EWR Engagement with Bedford Borough Council

  1. Bedford Borough Council knew of the six-track option in July 2019 that put homes at risk and met with EWR to discuss this – they did not disclose this to the public.
  2. In 2021 Bedford Borough Council regurgitated an almost identical consultant (SLC) report that they gave to EWR in 2019. EWR saw it and still chose to pursue the six-track option in 2021 anyway.
  3. There were at least 8 meetings that we know of from FOI requests between Bedford Borough Council or their consultants and EWR during 2019-20 – these were not documented. No agendas, no minutes, no follow up action notes.
  4. Bedford Borough Council’s consultants (Kilborn) provided them with a report in February 2019 that stated they should respond to EWR by recommending looking into the Old Varsity route which they had surveyed and concluded there were “no insurmountable obstacles”.

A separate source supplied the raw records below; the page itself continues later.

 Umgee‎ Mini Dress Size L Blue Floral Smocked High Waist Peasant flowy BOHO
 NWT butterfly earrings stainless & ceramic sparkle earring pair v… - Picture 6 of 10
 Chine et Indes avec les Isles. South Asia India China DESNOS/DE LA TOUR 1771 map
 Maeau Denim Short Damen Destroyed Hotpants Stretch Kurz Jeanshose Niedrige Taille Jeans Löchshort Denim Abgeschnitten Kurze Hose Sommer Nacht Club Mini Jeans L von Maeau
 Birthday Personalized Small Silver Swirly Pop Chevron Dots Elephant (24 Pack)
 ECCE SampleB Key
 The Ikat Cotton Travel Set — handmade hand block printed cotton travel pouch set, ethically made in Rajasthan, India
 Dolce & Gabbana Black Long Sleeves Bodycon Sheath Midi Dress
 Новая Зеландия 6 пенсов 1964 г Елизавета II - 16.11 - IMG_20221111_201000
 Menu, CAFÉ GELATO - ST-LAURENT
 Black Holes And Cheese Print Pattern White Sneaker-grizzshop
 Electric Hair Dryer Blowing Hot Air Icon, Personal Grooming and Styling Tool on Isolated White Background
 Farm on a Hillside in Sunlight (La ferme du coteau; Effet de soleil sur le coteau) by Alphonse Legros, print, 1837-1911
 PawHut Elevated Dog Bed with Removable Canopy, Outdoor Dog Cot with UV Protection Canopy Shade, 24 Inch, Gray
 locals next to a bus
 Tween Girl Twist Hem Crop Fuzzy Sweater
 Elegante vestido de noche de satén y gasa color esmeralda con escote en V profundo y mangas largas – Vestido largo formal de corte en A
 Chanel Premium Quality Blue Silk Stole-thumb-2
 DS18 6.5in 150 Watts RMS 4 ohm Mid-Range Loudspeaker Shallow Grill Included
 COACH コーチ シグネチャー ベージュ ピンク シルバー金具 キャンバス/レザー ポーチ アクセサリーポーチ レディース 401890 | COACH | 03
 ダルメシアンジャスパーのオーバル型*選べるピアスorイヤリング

Those are the facts. I know what I think, but people can make their own minds up about:

  • Whether EWR need freight traffic to make the business case work now costs have increased, and whether they will seek to maximise freight use?
  • Whether EWR need to use housing development to justify its business case?
  • Whether EWR will use Diesel trains and push freight and passenger traffic through town?
  • Whether EWR is paying lip service to carbon targets by trying to mitigate the selected route rather than select the most carbon-efficient route and perfect that?
  • Whether EWR have any regard for the residents of Bedford, their homes, health or well being?
  • Whether the new information on the homes at risk should be significant enough to trigger a back check of the route selection?
  • Whether the new information on the Climate Emergency should be significant enough to trigger a back check of the route selection?
  • Whether the directly impacted parishes were adequate consulted

Yours sincerely,

Mike Barlow
BFARe

Letters published reflect the views of the author, not Bedford Independent.